▸ WORK ORDER
In the listing below, find the line with "Gudang & Ruang" and the line with "Scaloni ajusta detalles". Repeat those two lines and all lines between them exactly.

▸ SUPPLIED DATA
=== Section Start ===
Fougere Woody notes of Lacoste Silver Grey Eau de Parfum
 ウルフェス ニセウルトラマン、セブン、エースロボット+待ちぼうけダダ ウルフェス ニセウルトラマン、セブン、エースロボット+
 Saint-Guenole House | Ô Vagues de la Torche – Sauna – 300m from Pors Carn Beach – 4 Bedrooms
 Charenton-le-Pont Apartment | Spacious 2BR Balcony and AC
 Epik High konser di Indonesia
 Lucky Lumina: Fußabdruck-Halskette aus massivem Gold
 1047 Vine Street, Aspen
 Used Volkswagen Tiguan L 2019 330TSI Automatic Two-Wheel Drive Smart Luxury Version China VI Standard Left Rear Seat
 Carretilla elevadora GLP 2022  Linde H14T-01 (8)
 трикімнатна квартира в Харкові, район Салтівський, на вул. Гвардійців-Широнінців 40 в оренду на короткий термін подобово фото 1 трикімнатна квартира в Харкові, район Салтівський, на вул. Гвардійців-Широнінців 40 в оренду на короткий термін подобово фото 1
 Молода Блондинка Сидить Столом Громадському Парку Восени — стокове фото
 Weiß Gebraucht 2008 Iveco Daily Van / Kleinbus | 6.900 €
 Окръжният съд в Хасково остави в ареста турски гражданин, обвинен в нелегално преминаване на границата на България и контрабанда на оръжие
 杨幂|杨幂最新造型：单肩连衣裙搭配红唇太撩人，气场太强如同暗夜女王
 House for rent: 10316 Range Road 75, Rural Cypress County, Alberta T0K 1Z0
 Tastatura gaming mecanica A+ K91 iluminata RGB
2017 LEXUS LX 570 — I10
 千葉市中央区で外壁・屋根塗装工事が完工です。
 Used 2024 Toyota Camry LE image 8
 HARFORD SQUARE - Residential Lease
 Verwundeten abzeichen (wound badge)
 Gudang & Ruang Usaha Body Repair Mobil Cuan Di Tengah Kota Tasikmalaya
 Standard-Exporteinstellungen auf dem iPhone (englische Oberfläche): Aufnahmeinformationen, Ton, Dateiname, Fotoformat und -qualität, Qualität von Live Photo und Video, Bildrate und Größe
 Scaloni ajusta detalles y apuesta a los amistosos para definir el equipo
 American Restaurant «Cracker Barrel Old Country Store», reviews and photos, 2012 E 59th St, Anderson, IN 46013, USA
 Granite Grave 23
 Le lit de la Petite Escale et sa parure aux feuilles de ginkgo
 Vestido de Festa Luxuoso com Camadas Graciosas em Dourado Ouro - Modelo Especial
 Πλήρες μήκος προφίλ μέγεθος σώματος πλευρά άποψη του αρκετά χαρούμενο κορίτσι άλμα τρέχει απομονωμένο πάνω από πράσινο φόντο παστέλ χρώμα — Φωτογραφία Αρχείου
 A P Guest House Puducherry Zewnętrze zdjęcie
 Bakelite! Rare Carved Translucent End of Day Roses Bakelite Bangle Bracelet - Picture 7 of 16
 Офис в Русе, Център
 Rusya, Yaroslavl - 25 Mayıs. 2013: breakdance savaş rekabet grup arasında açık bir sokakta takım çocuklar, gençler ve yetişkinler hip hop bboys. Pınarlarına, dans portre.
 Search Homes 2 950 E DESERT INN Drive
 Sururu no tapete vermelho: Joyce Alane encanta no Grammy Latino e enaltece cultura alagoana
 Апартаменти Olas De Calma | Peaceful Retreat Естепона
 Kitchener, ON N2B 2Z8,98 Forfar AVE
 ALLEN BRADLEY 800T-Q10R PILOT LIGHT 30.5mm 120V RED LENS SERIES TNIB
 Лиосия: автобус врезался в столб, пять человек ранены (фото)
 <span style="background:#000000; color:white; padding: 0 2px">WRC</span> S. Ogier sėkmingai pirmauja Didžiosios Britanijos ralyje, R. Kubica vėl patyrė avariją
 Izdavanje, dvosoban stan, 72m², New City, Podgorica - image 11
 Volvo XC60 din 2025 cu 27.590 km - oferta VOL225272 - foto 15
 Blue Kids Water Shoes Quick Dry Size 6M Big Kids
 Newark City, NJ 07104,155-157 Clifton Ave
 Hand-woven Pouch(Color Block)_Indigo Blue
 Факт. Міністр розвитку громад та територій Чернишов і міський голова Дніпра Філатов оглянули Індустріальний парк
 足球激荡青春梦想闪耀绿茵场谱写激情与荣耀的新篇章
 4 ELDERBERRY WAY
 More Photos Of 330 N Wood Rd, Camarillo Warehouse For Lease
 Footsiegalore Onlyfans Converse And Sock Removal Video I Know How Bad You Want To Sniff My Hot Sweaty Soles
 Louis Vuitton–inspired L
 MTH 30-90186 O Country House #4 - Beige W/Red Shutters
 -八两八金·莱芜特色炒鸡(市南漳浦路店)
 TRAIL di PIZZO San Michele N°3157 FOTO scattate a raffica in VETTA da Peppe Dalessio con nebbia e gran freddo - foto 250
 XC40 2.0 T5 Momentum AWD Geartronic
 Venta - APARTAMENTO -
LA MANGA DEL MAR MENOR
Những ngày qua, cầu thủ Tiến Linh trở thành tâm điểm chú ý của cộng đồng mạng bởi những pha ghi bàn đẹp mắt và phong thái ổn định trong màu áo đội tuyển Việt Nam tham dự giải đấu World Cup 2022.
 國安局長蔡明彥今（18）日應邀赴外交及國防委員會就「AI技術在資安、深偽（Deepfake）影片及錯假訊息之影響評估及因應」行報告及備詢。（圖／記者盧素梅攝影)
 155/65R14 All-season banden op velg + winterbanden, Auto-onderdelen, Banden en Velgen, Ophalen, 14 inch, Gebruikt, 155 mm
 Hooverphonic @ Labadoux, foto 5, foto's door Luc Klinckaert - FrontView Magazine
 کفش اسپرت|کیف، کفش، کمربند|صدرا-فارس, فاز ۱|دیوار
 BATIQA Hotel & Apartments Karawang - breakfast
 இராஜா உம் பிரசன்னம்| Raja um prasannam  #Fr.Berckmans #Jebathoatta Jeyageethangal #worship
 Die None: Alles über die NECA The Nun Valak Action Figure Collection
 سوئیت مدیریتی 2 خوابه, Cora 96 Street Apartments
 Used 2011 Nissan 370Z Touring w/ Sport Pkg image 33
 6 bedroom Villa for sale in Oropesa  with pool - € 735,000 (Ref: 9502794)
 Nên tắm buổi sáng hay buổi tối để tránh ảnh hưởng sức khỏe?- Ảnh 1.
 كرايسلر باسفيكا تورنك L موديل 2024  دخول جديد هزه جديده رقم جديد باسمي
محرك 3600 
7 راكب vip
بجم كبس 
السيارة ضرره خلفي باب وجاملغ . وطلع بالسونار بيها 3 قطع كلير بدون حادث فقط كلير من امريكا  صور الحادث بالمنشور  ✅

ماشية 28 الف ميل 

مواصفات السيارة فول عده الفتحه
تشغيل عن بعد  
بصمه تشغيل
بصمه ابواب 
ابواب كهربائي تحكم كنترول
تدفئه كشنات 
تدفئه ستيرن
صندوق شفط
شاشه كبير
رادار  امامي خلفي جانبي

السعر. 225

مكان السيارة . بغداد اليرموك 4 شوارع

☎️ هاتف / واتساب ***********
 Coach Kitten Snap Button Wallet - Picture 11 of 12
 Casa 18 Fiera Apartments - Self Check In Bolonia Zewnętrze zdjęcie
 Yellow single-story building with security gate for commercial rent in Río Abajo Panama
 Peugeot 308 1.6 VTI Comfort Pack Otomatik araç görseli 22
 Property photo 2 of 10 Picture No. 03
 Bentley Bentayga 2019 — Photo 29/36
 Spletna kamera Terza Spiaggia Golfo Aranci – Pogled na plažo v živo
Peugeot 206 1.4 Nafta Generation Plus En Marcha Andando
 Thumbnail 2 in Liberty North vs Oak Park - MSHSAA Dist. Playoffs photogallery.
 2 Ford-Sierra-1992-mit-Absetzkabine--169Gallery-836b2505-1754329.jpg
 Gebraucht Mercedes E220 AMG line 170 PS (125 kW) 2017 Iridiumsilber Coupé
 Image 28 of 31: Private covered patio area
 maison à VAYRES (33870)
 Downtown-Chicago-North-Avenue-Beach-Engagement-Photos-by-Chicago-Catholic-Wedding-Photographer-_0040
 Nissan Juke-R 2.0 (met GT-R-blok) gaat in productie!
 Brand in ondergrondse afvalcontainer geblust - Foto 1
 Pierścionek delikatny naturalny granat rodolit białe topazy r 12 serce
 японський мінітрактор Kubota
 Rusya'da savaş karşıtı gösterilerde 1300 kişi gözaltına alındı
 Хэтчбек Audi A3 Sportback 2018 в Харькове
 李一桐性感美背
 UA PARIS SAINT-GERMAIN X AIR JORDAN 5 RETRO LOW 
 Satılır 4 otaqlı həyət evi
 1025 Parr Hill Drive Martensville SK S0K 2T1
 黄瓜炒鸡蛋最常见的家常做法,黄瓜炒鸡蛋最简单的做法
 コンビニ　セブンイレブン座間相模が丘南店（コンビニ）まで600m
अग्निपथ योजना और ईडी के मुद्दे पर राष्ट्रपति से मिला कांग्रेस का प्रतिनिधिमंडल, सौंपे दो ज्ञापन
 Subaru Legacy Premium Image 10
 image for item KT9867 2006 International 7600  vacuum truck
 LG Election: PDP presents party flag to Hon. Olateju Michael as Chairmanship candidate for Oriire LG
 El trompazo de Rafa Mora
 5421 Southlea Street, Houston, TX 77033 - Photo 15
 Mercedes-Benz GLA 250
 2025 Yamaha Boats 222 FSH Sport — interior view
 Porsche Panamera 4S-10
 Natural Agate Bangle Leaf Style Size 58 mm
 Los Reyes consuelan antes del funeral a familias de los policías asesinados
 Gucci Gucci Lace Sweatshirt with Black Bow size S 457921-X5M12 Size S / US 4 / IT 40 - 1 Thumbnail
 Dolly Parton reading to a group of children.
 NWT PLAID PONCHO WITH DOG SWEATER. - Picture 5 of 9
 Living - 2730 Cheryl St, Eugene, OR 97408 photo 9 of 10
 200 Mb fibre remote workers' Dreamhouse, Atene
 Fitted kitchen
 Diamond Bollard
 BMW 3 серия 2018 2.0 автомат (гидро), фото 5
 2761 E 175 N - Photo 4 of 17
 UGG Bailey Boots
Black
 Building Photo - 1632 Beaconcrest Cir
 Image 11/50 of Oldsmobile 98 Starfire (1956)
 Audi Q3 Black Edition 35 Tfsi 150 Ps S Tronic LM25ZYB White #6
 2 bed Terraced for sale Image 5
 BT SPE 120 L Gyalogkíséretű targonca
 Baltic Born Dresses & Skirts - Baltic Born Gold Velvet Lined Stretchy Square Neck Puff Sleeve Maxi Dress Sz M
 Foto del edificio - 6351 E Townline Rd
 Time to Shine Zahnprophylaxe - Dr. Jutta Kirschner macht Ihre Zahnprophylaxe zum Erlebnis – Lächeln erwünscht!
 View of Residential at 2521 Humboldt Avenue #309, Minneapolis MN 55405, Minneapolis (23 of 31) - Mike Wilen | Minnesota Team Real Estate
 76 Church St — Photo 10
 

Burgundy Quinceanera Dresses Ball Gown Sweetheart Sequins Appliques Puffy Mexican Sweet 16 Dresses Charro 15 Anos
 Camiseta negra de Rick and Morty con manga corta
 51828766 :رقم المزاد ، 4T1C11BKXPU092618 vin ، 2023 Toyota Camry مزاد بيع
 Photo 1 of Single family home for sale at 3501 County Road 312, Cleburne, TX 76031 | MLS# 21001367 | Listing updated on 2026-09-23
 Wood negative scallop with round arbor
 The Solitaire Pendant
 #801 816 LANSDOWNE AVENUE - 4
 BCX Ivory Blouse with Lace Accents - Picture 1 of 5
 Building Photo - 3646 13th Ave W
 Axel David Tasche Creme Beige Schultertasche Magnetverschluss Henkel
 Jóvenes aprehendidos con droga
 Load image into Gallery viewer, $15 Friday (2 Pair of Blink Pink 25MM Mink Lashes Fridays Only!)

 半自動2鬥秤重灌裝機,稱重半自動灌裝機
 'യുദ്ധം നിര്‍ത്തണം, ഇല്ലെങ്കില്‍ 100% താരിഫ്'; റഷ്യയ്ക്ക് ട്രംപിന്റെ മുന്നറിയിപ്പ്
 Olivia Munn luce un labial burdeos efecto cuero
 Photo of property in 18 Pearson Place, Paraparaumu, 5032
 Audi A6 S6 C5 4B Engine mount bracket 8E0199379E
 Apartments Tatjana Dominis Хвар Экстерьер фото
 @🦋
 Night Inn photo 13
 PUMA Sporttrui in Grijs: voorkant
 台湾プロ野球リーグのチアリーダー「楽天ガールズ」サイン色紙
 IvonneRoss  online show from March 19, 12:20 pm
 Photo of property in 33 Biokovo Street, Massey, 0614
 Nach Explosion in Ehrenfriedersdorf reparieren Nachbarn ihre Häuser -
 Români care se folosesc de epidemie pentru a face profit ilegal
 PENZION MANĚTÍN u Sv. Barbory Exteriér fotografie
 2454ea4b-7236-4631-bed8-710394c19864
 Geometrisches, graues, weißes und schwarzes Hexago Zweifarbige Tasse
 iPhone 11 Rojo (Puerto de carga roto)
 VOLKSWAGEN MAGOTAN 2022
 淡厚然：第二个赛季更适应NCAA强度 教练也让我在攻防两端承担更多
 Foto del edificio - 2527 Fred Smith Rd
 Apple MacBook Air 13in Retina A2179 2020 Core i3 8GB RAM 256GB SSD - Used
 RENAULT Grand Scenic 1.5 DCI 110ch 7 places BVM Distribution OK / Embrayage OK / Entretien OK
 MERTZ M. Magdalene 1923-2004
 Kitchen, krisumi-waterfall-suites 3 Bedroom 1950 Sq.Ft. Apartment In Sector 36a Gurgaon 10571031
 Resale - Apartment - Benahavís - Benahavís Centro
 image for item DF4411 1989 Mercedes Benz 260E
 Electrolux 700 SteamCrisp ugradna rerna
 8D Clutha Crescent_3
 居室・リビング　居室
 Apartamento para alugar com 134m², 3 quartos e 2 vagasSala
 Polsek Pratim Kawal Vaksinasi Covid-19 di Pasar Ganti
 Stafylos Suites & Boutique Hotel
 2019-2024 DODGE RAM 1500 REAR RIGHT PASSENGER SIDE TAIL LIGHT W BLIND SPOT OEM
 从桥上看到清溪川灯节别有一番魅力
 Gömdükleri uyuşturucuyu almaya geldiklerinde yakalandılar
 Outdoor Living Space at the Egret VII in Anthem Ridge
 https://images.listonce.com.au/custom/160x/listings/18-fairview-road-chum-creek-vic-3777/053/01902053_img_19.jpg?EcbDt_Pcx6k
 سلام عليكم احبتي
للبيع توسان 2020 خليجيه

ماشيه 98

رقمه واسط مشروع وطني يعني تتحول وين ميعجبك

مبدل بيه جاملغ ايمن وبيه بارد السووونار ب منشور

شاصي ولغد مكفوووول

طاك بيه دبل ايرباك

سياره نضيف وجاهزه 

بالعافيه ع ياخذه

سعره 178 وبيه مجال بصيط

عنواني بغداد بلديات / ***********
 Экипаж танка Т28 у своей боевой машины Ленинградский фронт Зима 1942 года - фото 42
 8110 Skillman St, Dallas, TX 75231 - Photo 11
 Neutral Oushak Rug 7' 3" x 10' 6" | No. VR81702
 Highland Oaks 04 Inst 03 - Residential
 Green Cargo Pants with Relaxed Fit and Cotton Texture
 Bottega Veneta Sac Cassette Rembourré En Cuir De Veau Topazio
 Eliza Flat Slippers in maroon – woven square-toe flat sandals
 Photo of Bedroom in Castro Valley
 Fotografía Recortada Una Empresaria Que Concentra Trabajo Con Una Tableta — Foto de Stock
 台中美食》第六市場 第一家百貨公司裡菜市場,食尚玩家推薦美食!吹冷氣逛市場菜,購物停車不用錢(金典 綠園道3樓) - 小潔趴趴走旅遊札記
=== Section End ===
▸ OUTPUT FOR THIS TASK
 Gudang & Ruang Usaha Body Repair Mobil Cuan Di Tengah Kota Tasikmalaya
 Standard-Exporteinstellungen auf dem iPhone (englische Oberfläche): Aufnahmeinformationen, Ton, Dateiname, Fotoformat und -qualität, Qualität von Live Photo und Video, Bildrate und Größe
 Scaloni ajusta detalles y apuesta a los amistosos para definir el equipo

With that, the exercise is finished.